Melatonin prevents chemical-induced haemopoietic cell death

Abstract

Melatonin (MEL), a methoxyindole synthesized by the pineal gland, is a powerful antioxidant in tissues as well as within cells, with a fundamental role in ameliorating homeostasis in a number of specific pathologies. It acts both as a direct radical scavenger and by stimulating production/activity of intracellular antioxidant enzymes. In this work, some chemical triggers, with different mechanisms of action, have been chosen to induce cell death in U937 hematopoietic cell line. Cells were pre-treated with 100 µM MEL and then exposed to hydrogen peroxide or staurosporine. Morphological analyses, TUNEL reaction and Orange/PI double staining have been used to recognize ultrastructural apoptotic patterns and to evaluate DNA behavior. Chemical damage and potential MEL anti-apoptotic effects were quantified by means of Tali® Image-Based Cytometer, able to monitor cell viability and apoptotic events.
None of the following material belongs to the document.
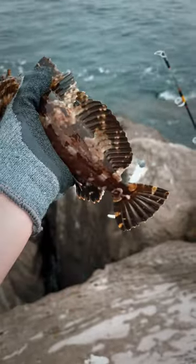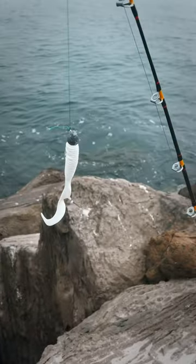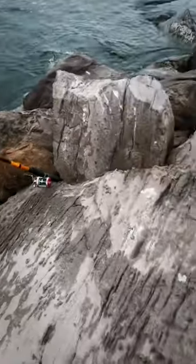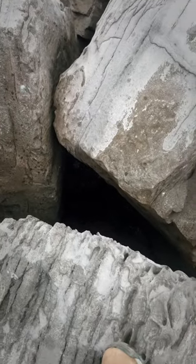Check this out. We got ourselves a cabazon here. It's like a lean cod rockfish hybrid. I caught it on this six inch rubber grub on my ugly stick rod. And the crazy thing is, I caught him way down there in this deep dark hole.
After trigger exposure, chromatin condensation, micronuclei formation and DNA fragmentation have been observed, all suggesting apoptotic cell death. These events underwent a statistically significant decrease in samples pre-treated with MEL. After caspase inhibition and subsequent assessment of cell viability, we demonstrated that apoptosis occurs, at least in part, through the mitochondrial pathway and that MEL interacts at this level to rescue U937 cells from death.

Figure 1.

Control (A,C–E) and MEL alone (B,F–H) treated cells analysed by means of supravital PI (A,B), SEM (C,F), TEM (D,G) and CLSM (E,H) reveal a negligible cell death and normal morphological features. Histograms (A,B) show in white and grey area, living and dead cells, respectively. Scale bars: (C) 5 μm; (D,F,G) 2 μm; (E,H) 10 μm.

Figure 2.

Cells exposed to H₂O₂ (A,C–F) or MEL+ H₂O₂ (B,G–I), analysed by means of supravital PI, SEM, TEM and CLSM, prove a cell viability decrease (A) in the presence of morphological apoptotic patterns: membrane blebbing (C), micronuclei (D,E) and necrotic cell death (D). In addition, several positive nuclei appear after TUNEL reaction (F). MEL administration is able to ameliorate cell viability (B) and to reduce apoptotic events (G–I). Scale bars: (C,D,F,G) 5 μm; (E,H) 2 μm; (I) 10 μm.

Figure 3.

Cells exposed to staurosporine (A,C–E) or MEL + staurosporine (B,F–H), analysed by means of supravital PI (A,B), SEM (C,F), TEM (D,G) and CLSM (E,H). The trigger induces an evident cell death increase (A); apoptotic features can be observed after ultrastructural analyses (C–E). MEL added before staurosporine treatment restores cell viability (B) and morphology (F,G) and prevents DNA fragmentation in situ (H). Scale bars: (C,F) 5 μm; (D) 1 μm; (E,H) 10 μm; (G) 2 μm.

Figure 4.

Fluorescent micrographs of AO and PI double-stained U937 cells. Intact green nuclei appear in control (A) and MEL alone (B) conditions suggesting a good cell viability. After H₂O₂ (C) or staurosporine (E and inset) exposure apoptotic cells appear and their decrease can be observed in MEL pre-treated samples (D,F). Scale bars: (A–F) 25 μm; (E and inset) 10 μm.

Figure 5.

Annexin V/PI dot plots in control condition (A), MEL alone (F), H₂O₂ (B) and staurosporine (G)-treated cells. In (C) and (H), dot plots are relative to MEL administration before H₂O₂ and staurosporine respectively. Dot plots of caspase-9, −3 inhibitor pre-treatment before apoptosis induction appear in (D–E) and (I–L).

Figure 6.

Percentage study of viable, apoptotic and necrotic cells based on Annexin V analyses. All data are expressed as mean values of percentages for each group ± DS. MEL significantly (yellow in the table) restore cell viability (A,D) and prevents apoptotic (B,E) and necrotic cell death (C,F), induced by H₂O₂ (A,B,C) or staurosporine (D,E,F) with caspase-9 involvement.